[[ Material for this task, beginning ]]

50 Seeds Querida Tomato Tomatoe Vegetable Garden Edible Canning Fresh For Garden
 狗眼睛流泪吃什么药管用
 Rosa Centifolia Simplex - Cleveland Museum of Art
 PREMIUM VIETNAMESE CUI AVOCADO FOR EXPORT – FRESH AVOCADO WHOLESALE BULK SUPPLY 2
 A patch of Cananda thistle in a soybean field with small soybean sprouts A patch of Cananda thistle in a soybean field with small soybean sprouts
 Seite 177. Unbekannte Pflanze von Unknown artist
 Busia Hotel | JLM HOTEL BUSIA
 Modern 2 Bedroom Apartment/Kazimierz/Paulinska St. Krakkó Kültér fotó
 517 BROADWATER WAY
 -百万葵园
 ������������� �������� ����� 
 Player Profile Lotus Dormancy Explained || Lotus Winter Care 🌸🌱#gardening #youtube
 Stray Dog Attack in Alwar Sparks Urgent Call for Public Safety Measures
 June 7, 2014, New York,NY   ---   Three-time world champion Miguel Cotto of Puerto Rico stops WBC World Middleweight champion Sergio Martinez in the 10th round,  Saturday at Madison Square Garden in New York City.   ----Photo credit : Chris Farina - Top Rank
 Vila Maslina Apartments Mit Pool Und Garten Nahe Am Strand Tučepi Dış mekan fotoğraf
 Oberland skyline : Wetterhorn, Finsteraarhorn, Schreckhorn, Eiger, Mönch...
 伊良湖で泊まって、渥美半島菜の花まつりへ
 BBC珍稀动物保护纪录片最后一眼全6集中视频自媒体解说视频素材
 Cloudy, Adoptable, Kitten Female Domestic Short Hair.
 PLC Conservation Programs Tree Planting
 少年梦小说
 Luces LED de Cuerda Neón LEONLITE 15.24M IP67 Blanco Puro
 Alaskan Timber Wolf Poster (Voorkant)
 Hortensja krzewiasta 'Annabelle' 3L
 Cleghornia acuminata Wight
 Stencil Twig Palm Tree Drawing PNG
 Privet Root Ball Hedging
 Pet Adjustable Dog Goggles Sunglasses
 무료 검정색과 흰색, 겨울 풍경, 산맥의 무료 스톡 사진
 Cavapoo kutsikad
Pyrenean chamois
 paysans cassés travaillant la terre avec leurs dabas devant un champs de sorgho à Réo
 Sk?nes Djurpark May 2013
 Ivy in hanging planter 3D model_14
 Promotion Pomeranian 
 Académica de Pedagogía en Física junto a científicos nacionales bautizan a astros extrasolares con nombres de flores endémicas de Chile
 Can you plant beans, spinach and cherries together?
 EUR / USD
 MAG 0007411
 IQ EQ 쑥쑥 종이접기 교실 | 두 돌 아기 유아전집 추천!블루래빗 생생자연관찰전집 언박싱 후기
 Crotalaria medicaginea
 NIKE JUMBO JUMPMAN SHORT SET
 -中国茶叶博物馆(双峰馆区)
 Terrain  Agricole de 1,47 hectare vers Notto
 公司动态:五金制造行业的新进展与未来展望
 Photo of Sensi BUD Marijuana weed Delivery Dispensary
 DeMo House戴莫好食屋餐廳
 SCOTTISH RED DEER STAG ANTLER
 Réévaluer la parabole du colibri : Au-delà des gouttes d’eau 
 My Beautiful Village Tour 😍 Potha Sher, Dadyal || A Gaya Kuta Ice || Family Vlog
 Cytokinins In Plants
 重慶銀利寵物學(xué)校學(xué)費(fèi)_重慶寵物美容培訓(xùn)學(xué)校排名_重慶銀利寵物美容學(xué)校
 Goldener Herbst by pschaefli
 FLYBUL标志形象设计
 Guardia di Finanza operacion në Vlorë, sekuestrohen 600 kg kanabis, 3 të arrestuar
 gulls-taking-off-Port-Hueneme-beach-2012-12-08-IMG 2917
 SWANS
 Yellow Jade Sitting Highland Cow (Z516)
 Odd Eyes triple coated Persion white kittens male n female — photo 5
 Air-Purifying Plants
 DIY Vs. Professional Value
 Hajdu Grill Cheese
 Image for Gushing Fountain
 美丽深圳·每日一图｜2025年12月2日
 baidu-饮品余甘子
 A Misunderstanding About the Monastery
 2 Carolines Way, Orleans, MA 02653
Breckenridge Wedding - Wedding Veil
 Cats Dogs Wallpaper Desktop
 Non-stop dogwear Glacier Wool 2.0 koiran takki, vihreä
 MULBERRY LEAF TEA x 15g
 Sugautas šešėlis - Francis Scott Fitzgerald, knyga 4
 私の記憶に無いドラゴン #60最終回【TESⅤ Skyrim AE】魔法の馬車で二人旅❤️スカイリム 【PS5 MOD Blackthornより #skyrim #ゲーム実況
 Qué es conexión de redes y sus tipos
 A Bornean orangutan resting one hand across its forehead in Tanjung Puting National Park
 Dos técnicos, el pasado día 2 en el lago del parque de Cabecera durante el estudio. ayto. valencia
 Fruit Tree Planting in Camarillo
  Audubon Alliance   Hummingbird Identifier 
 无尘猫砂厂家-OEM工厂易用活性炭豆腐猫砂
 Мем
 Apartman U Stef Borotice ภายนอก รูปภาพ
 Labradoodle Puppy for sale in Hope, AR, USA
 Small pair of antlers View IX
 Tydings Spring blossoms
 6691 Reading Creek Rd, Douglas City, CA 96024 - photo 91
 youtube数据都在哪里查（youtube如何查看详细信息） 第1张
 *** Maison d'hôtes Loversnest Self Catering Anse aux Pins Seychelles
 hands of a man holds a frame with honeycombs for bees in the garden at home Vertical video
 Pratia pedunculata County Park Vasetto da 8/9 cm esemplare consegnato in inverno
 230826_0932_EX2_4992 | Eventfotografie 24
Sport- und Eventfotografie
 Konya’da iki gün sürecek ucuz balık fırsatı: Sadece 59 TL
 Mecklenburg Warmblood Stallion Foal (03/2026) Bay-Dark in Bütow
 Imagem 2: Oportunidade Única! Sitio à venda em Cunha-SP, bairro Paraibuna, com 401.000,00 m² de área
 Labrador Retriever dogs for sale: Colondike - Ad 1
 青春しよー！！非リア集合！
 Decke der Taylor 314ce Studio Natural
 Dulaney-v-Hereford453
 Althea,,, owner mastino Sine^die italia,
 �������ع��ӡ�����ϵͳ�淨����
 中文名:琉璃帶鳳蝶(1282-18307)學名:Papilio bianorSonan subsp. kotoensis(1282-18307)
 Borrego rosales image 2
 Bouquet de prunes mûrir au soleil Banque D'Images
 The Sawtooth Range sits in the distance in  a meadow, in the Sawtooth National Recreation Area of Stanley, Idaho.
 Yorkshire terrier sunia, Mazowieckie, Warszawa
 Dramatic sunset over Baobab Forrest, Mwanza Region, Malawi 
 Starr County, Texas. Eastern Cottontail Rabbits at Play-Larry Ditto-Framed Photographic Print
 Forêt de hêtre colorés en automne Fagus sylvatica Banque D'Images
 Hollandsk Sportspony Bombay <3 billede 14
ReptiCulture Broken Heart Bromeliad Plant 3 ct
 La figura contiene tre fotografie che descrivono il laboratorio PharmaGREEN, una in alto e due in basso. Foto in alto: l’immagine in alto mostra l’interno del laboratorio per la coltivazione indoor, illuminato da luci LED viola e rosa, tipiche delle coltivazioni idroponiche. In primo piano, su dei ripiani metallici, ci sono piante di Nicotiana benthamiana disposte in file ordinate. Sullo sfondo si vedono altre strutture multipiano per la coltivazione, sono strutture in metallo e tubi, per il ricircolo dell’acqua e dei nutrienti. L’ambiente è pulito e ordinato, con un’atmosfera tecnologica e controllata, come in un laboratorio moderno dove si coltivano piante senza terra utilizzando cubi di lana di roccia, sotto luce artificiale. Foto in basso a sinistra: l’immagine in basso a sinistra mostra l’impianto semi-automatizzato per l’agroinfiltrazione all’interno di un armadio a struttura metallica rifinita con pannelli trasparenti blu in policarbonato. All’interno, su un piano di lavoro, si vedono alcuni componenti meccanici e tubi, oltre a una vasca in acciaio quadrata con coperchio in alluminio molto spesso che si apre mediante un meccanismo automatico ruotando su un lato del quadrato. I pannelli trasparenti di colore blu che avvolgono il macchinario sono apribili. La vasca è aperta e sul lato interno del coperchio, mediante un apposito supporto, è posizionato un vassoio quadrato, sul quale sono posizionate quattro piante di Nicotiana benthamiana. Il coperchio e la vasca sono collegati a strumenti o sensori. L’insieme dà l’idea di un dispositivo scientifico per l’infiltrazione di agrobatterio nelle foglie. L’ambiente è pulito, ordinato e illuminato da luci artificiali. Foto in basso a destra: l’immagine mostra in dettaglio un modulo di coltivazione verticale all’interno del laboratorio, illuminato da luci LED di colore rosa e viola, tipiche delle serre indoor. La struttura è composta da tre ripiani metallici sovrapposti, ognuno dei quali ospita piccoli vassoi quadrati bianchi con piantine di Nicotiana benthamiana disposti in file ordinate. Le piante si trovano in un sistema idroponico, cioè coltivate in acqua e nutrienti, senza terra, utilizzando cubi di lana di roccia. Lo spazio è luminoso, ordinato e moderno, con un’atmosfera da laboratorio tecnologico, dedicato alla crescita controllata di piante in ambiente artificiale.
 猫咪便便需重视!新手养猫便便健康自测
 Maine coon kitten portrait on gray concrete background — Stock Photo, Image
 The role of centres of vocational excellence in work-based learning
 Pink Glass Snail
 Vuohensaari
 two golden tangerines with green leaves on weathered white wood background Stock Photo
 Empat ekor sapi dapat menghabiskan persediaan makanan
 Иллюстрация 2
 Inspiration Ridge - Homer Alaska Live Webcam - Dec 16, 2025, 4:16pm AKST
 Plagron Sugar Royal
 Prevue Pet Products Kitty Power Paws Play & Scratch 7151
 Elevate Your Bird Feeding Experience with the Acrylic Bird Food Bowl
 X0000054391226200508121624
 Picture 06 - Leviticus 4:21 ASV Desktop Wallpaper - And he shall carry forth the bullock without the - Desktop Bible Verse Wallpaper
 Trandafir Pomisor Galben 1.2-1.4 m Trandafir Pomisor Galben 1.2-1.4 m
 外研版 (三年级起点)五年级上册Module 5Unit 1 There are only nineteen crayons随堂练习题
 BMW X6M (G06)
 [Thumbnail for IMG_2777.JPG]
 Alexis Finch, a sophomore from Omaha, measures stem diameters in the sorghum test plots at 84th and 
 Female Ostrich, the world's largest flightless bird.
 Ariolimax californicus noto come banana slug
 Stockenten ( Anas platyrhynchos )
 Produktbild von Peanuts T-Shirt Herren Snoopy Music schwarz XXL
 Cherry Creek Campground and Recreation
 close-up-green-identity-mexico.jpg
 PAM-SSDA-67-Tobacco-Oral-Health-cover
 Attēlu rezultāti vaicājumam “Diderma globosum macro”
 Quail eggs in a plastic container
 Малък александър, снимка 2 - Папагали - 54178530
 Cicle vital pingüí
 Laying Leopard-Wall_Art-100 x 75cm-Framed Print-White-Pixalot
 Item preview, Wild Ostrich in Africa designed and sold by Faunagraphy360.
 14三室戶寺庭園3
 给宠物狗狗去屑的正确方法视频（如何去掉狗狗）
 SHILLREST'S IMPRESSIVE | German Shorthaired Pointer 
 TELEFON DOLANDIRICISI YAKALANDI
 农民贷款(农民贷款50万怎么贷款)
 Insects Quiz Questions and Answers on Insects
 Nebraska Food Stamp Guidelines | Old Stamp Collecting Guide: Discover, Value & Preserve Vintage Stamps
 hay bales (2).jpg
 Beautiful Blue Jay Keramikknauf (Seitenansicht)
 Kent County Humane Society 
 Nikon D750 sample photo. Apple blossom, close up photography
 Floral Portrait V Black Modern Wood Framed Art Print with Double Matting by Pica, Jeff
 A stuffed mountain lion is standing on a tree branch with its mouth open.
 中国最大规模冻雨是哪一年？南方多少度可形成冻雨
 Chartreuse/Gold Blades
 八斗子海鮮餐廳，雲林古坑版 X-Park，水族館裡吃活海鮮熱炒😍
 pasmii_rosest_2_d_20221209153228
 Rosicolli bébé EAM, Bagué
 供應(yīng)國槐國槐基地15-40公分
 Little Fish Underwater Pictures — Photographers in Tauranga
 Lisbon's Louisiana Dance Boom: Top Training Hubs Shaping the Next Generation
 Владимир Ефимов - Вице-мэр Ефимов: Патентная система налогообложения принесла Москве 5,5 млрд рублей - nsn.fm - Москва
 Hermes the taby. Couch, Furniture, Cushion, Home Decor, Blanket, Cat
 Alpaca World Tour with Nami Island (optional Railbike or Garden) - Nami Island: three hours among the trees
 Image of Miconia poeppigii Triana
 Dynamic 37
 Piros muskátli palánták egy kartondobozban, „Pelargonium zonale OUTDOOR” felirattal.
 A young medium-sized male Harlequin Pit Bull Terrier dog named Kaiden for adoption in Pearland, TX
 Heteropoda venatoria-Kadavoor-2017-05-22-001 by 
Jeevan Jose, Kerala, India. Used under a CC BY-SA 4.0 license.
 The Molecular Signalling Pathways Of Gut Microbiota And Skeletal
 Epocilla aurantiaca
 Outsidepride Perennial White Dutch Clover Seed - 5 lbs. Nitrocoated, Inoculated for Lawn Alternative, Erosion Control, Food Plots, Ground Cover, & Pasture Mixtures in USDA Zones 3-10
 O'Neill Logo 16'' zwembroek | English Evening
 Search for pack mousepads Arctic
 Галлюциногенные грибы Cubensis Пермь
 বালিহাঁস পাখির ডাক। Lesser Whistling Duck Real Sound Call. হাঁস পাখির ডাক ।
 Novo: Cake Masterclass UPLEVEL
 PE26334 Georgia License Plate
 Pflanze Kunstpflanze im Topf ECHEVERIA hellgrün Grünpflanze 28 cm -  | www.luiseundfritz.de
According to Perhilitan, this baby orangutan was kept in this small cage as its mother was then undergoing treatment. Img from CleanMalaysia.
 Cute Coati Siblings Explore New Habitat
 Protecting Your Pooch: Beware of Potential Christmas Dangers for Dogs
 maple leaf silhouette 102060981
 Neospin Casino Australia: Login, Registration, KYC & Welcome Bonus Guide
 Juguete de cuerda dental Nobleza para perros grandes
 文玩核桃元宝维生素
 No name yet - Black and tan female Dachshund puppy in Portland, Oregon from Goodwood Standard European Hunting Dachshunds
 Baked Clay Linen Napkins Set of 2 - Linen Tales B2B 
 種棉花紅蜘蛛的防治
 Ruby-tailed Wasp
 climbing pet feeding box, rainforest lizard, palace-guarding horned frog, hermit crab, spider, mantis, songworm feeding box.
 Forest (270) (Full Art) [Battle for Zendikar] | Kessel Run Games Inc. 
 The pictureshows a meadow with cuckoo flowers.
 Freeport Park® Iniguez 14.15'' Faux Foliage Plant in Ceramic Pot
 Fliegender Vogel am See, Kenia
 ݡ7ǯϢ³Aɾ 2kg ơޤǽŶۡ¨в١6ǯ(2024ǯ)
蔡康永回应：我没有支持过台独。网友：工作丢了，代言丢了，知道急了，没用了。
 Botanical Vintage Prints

[[ Material for this task, end ]]

**What you will do**.
Set down, from the entries above, exactly the lines from the one with "Hollandsk Sportspony Bombay <3 billede 14" up to and including the one with "ReptiCulture Broken Heart", and no other lines.

**Your solution**.
 Hollandsk Sportspony Bombay <3 billede 14
ReptiCulture Broken Heart Bromeliad Plant 3 ct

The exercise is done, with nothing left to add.